A close look at westward expansion, federal lands, and American
destiny in the early republic.
Few issues defined the period between American independence and the
Mexican War more sharply than westward settlement and the role of the
federal government in that expansion. In Securing the West, John R.
Van Atta examines the visions of the founding generation and the
increasing influence of ideological differences in the years after the
peace of 1815.
Americans expected the country to grow westward, but on the details of
that growth they held strongly different opinions. What part should
Congress play in this development? How much should public land cost?
What of the families and businesses left behind, and how would society's
institutions be established in the West? What of the premature settlers,
the "squatters" who challenged the rule of law while epitomizing
democratic daring?
Taking a broad approach, Van Atta addresses three interrelated queries:
First, how did competing economic beliefs and divergent cultural
mandates influence the various outcomes of this broad debate over the
means, timing, and purposes of settling the trans-Appalachian West?
Second, what alternative visions of western society lay behind the
battles among policy makers within the government and the interested
parties who would sway them? Third, why did settlement of the West take
such a different course in the end from that which the earliest leaders
of the republic intended?
This story explores dimensions of the federal lands question that other
historians have minimized or left out entirely. Van Atta draws upon a
range of sources known to have influenced the public discourse,
including congressional debates, committee reports, and correspondence;
editorial writings by the famous and unknown; and news coverage in
various widely circulated newspapers and magazines of the period.

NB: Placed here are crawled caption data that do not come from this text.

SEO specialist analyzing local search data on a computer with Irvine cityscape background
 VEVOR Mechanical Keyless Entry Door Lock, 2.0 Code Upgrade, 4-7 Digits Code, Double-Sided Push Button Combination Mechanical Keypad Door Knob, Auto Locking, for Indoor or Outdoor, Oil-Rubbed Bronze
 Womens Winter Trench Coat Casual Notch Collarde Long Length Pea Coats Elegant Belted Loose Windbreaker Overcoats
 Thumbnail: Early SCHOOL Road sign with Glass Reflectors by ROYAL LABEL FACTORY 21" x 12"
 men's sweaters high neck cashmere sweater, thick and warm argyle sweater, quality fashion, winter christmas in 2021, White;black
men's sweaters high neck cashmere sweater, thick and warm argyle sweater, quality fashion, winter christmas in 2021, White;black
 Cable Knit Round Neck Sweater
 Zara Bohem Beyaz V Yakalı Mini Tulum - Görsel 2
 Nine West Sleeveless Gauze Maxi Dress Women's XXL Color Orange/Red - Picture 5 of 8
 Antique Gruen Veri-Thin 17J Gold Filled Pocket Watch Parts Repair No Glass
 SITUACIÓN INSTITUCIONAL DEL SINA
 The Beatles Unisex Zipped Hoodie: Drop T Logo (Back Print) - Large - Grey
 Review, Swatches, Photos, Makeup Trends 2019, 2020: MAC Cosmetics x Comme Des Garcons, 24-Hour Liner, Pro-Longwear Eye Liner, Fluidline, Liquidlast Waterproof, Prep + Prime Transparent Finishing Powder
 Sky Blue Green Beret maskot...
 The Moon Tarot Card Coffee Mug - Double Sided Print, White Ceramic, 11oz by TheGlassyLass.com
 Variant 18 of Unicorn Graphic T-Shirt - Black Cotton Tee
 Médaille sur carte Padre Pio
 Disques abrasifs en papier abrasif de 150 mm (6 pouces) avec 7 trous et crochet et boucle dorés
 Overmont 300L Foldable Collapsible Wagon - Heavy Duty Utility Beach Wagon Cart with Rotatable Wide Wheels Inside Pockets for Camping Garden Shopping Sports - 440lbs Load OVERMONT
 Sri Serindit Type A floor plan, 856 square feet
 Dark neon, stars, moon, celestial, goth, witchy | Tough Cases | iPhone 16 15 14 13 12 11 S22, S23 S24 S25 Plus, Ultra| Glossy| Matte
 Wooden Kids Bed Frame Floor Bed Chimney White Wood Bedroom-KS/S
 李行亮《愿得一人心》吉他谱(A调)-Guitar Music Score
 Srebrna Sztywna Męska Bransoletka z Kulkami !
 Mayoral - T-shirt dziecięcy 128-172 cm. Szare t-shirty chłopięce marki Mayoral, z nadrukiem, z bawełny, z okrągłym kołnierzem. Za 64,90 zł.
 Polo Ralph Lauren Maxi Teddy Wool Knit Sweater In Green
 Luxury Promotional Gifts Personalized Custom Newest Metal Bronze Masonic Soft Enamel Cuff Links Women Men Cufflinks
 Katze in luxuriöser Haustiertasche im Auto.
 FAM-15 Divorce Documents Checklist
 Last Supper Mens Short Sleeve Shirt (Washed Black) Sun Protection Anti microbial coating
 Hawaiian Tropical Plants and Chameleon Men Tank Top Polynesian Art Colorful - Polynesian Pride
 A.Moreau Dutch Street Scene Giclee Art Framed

Much of the attention focuses on Congress--the elected leaders who
advocated divergent plans about western lands. In Congress, more than
any other place, public leaders articulated basic concerns about the
character, structure, direction, and destiny of society in the early
United States.
By 1830, many other important national concerns had become critically
entangled with land disposition, creating points of ideological tension
among rival regions, parties, and interests in the early years of the
republic--particularly in Jacksonian America.